[Materials provided]
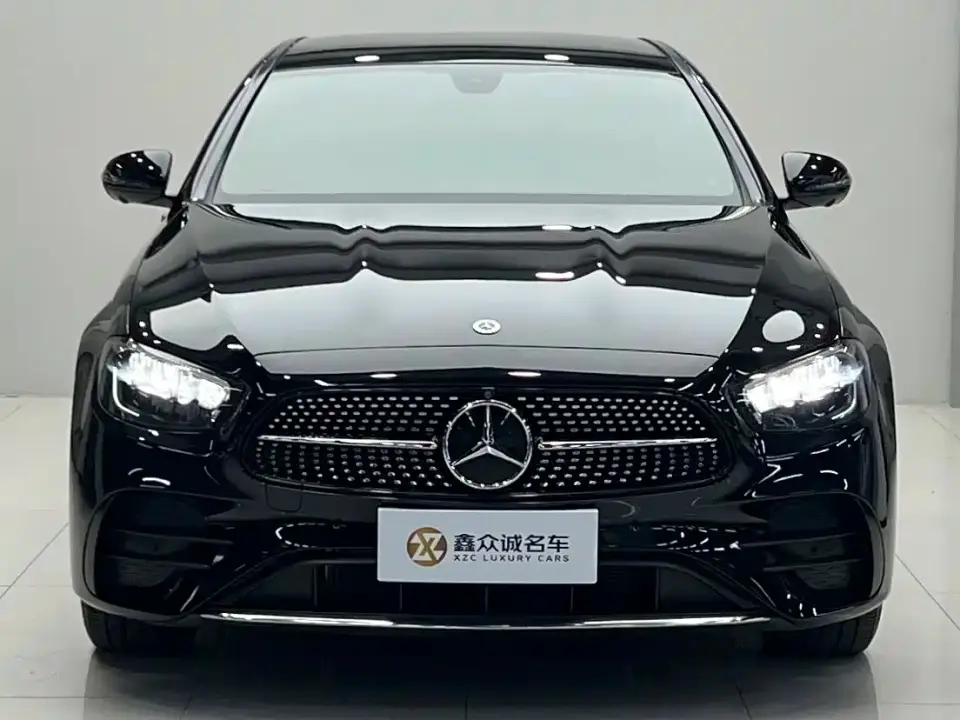 Mercedes-Benz E-Class E 300 L Sport Fashion 2022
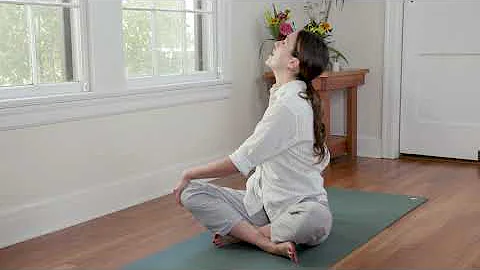 Yoga For Writers  |  Yoga With Adriene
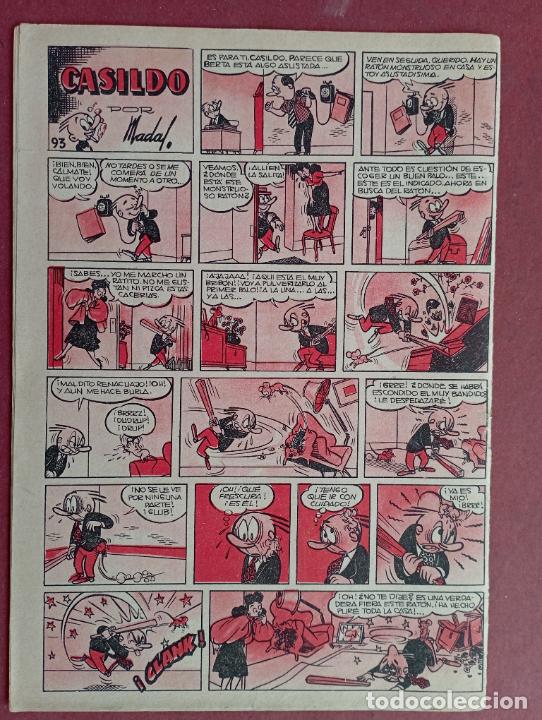 Tebeos: EL DDT N&ordm; 93 - 1953 - Foto 6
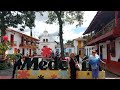 PUEBLITO PAISA OR PAISA TOWN IN THE HEART OF MEDELLIN COLOMBIA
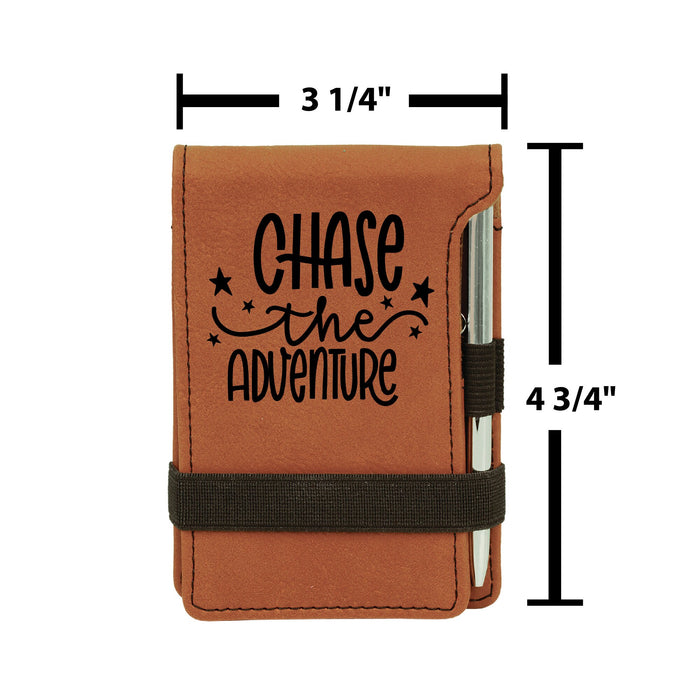 Chase Adventure Miniature Notepad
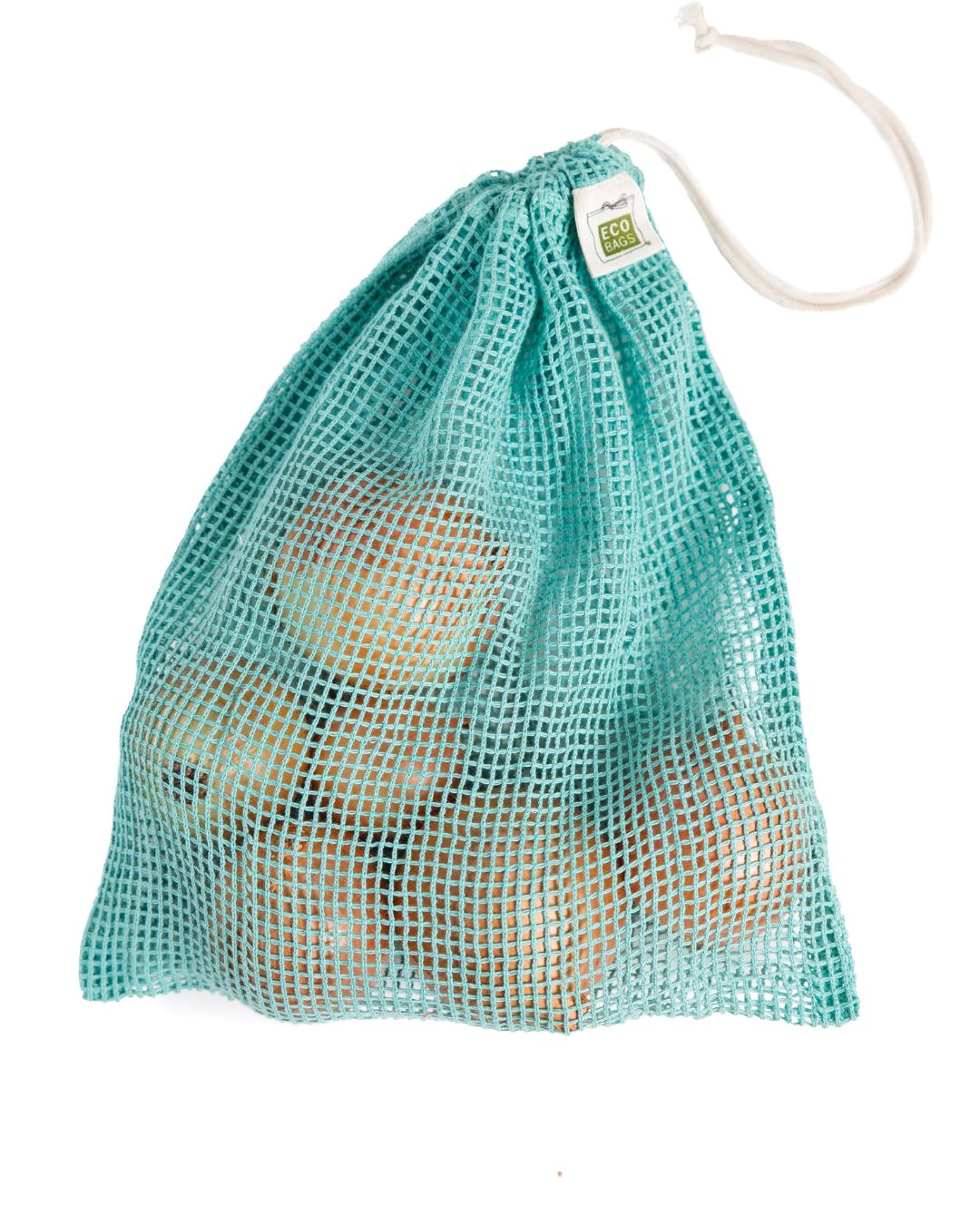 Organic Cotton Mesh Sack | Medium.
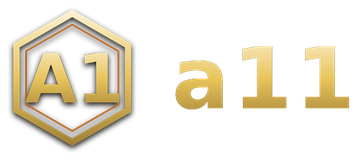 a11 logo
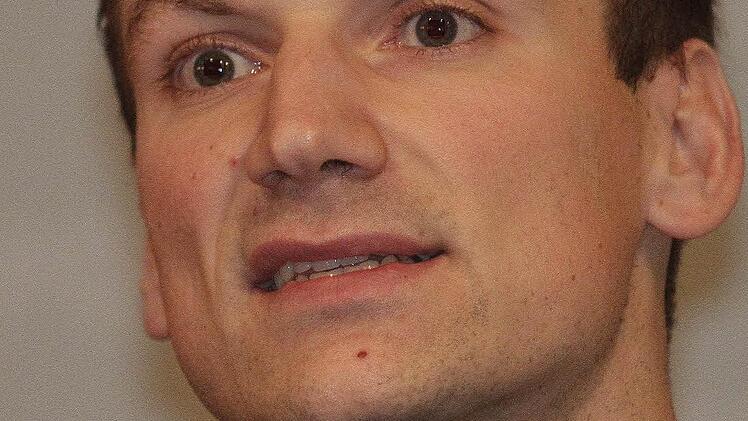 Simon Moritz (SPD)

[Aim of the exercise] Retype each line above precisely, please. Skip anything that is a picture.

[Task result]
 Mercedes-Benz E-Class E 300 L Sport Fashion 2022
 Yoga For Writers  |  Yoga With Adriene
 Tebeos: EL DDT N&ordm; 93 - 1953 - Foto 6
 PUEBLITO PAISA OR PAISA TOWN IN THE HEART OF MEDELLIN COLOMBIA
 Chase Adventure Miniature Notepad
 Organic Cotton Mesh Sack | Medium.
 a11 logo
 Simon Moritz (SPD)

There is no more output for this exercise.